Dalam buku tersebut digambarkan bahwa remaja cenderung lebih banyak mendengarkan pendapat teman-temannya dibandingkan orangtua. Yang jadi persoalan, remaja tak siap menerima dan menyaring pengaruh tersebut.
Neufeld dan Maté mengungkapkan, tantangan remaja masa kini jauh lebih berat dibanding generasi sebelumnya. Tekanan dari lingkungan pertemanan bisa datang dalam berbagai bentuk, mulai dari tuntutan untuk mengikuti tren hingga dorongan mengambil keputusan berisiko.
Remaja Butuh Orangtua Open Minded
Aisha Tiara Pratiwi, siswi SMK Negeri 63 di Jakarta Selatan, mengungkap, hasil survei yang dilakukan kepada teman-teman sebayanya mengungkapkan, beberapa sumber masalah komunikasi remaja dengan orangtua, yakni kurangnya waktu bersama, rasa takut dihakimi saat bercerita, hingga dominasi orangtua dalam percakapan.
“Padahal, harapan remaja sederhana, punya waktu berkualitas dengan orangtua, didengar tanpa dipotong, saling memahami, dan orangtua harus open-minded,” kata Aisha yang menjadi pembicara dalam diskusi tersebut.
Sementara Herman Josisi Mokalu atau Yosi P. Project mengatakan, dirinya sebagai orangtua mengingatkan bahwa digitalisasi kini menjadi “habitat” generasi muda. Akibatnya, komunikasi rentan terganggu oleh perbedaan gaya bahasa, dan anak mudah terpengaruh arus instan.

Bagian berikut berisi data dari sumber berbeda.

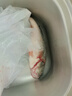 鮮活沖浪河鱸魚(yú)400-500g/條 曬單實(shí)拍圖
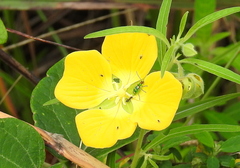 Ludwigia bonariensis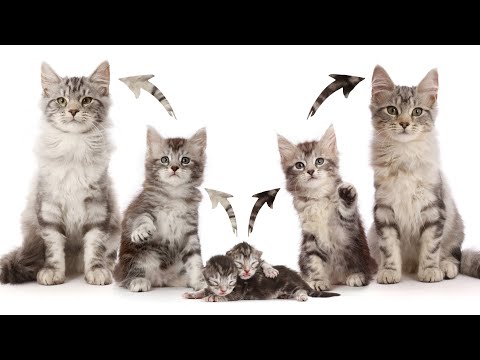Kittens to Cats growing up Time lapse Dance
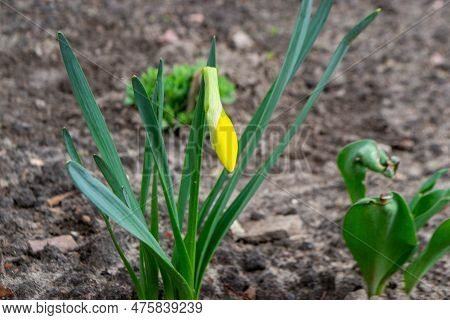 Beautiful Colorful Narcissus Or Daffodil Close Up Evening Light. Narcissus Is A Genus Of Predominant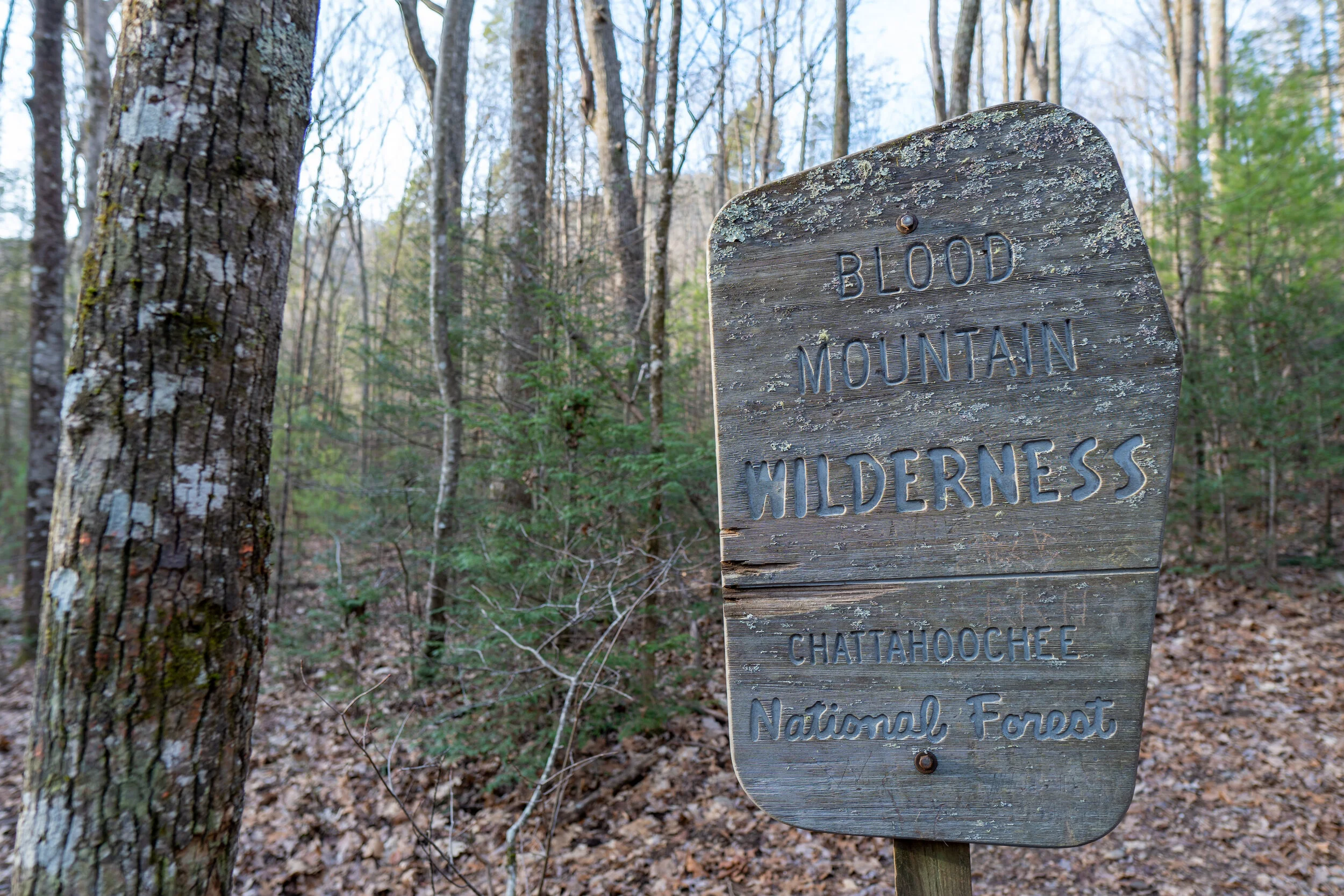 Coosa sales backcountry trail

“Solusinya adalah menyambungkan bahasa komunikasi, memberi edukasi nilai dengan cara yang mereka mengerti, serta mengatur waktu agar prioritas keluarga tetap terjaga,” katanya.
Menurut psikolog anak, Johana Rosalina K. PhD, remaja di era saat ini sedang berada pada fase perubahan besar yakni fisik, kognitif, dan emosional yang membuat mereka rawan kebingungan dalam mengambil keputusan.

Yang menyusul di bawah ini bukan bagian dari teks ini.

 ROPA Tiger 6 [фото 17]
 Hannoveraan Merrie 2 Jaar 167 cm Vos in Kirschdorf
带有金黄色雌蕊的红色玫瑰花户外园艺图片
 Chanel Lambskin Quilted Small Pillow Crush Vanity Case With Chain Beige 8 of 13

“Paparan media sosial kerap menambah beban, memunculkan kebingungan identitas, bahkan memicu stres,” kata Johana.
Atas kondisi ini, Johana mengajak orangtua menerapkan positive parenting yakni membangun hubungan yang kuat, komunikasi demokratis, disiplin positif, dan memberi contoh nyata.

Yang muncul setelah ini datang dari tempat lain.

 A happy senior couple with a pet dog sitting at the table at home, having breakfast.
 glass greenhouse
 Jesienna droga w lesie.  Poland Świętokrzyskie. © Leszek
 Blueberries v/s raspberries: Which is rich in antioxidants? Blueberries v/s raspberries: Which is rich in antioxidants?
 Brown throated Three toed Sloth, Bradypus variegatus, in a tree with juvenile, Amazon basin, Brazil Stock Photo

“Disiplin positif bukan tentang menundukkan anak, melainkan membantu mereka mengembangkan kekuatan diri dan tanggung jawab,” tegasnya.
Orang tua juga diajak menggunakan “I message” agar kata-kata yang diucapkan menjadi suara batin positif bagi anak.
Semua itu butuh proses dan waktu, karena membangun komunikasi yang selaras dengan anak remaja bukanlah pekerjaan sehari jadi, melainkan perjalanan panjang yang membutuhkan kesabaran, kepekaan, dan komitmen.